> RECORD SET:
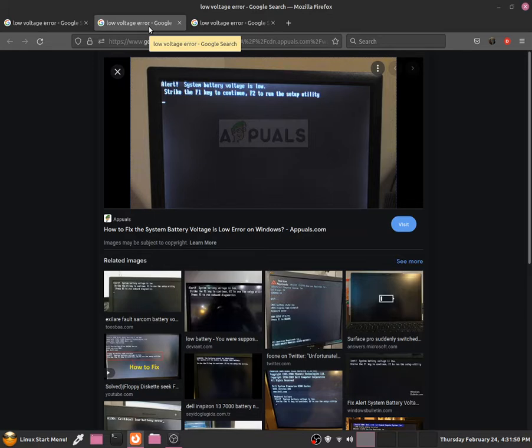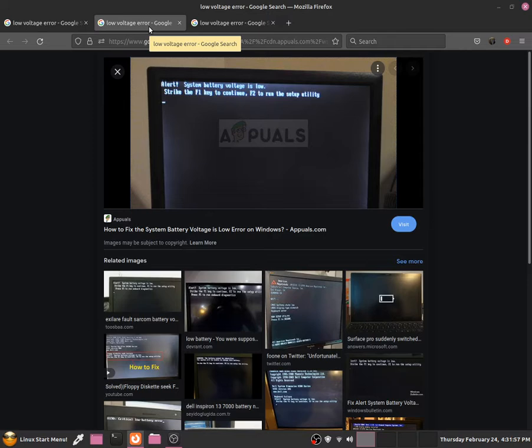Obviously when we do get this error it's not really that bad because we can just go to BIOS and change things back to normal, but this will take some time to do that. So time will be a disadvantage.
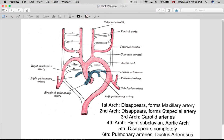The third arch forms the carotid arteries in the neck region, both the internal carotid and the external carotid artery. The fourth arch gives rise to the right subclavian and the aortic arch. The aortic arch on the left side, which is the descending aorta, occurs on the left side, and on the right side it forms the right subclavian artery.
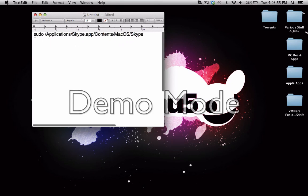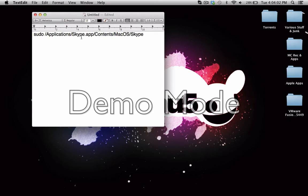There we go. It's sudo space /application/skype.app. Or for Windows, I guess it would be skype.exe/content/Windows or MacOS/Skype.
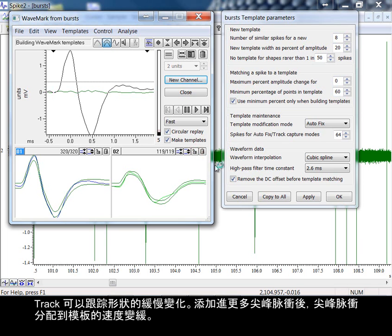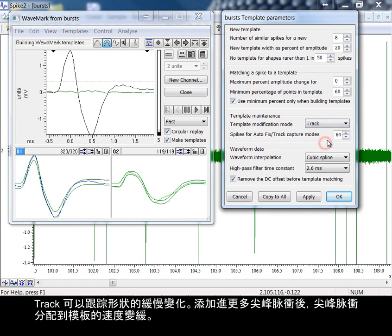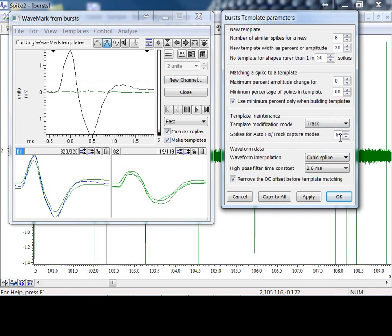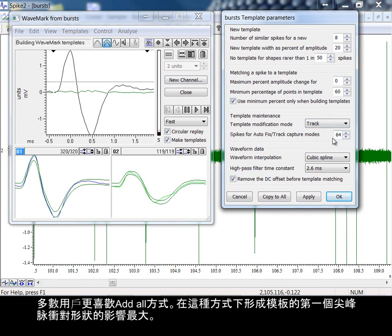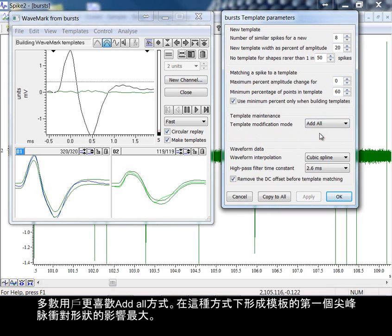Track follows slow shape changes. The contribution of each spike to the template decays as more spikes are added. Most users prefer add all. In this mode, the first spike that forms the template has the most influence on the shape.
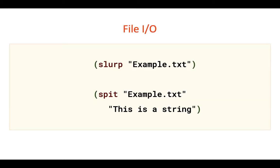Hello! In this video we will talk about file input and output in Clojure. Let's go!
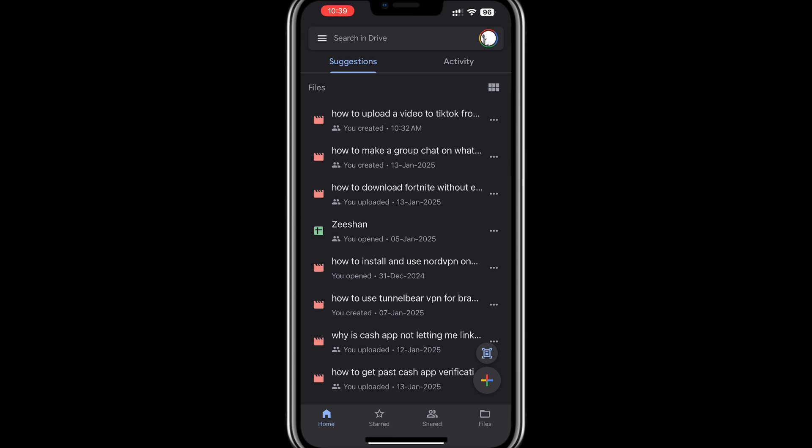Once the app is installed, log in with the Google account where you want to upload the video. If you're using an account linked to school or work, make sure you're logged into the correct account.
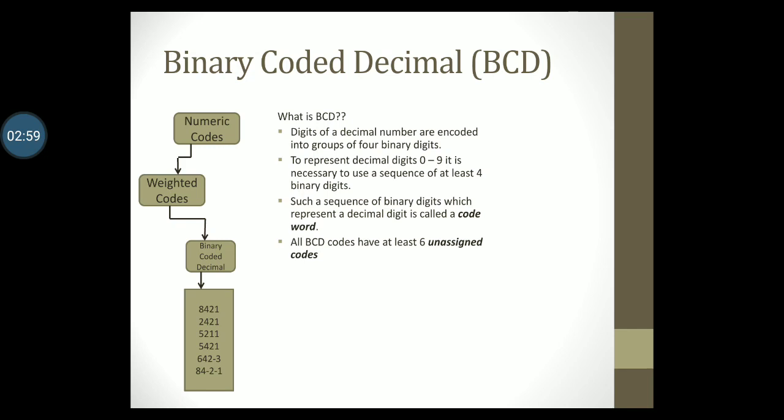In this diagram you can see a list of BCD codes which you should be familiar with writing. Examples: 8421, 2421, 5211, 5421, 642-3, 84-2-1.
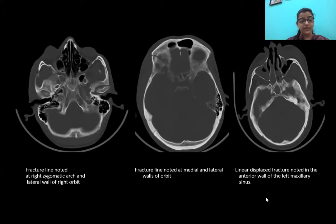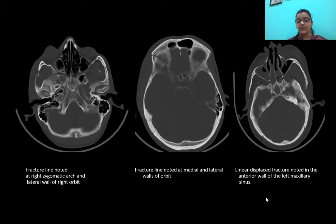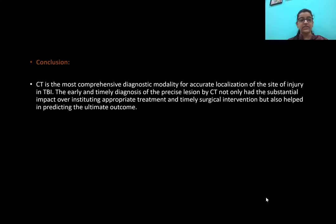These images show a fracture line in the right zygomatic arch and lateral wall of the right orbit, and a fracture line in the middle and lateral walls of the orbit. The next image shows a linear displaced fracture in the anterior wall of the left maxillary sinus. The following images show some hemorrhages.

> WHAT IS BEING ASKED:
Repeat only the stretch of data above that runs from the line with "The third arch" to the line with "In this diagram". Keep both end lines; exclude pictures.

> TASK RESPONSE:
The third arch forms the carotid arteries in the neck region, both the internal carotid and the external carotid artery. The fourth arch gives rise to the right subclavian and the aortic arch. The aortic arch on the left side, which is the descending aorta, occurs on the left side, and on the right side it forms the right subclavian artery.
There we go. It's sudo space /application/skype.app. Or for Windows, I guess it would be skype.exe/content/Windows or MacOS/Skype.
Track follows slow shape changes. The contribution of each spike to the template decays as more spikes are added. Most users prefer add all. In this mode, the first spike that forms the template has the most influence on the shape.
Hello! In this video we will talk about file input and output in Clojure. Let's go!
Once the app is installed, log in with the Google account where you want to upload the video. If you're using an account linked to school or work, make sure you're logged into the correct account.
In this diagram you can see a list of BCD codes which you should be familiar with writing. Examples: 8421, 2421, 5211, 5421, 642-3, 84-2-1.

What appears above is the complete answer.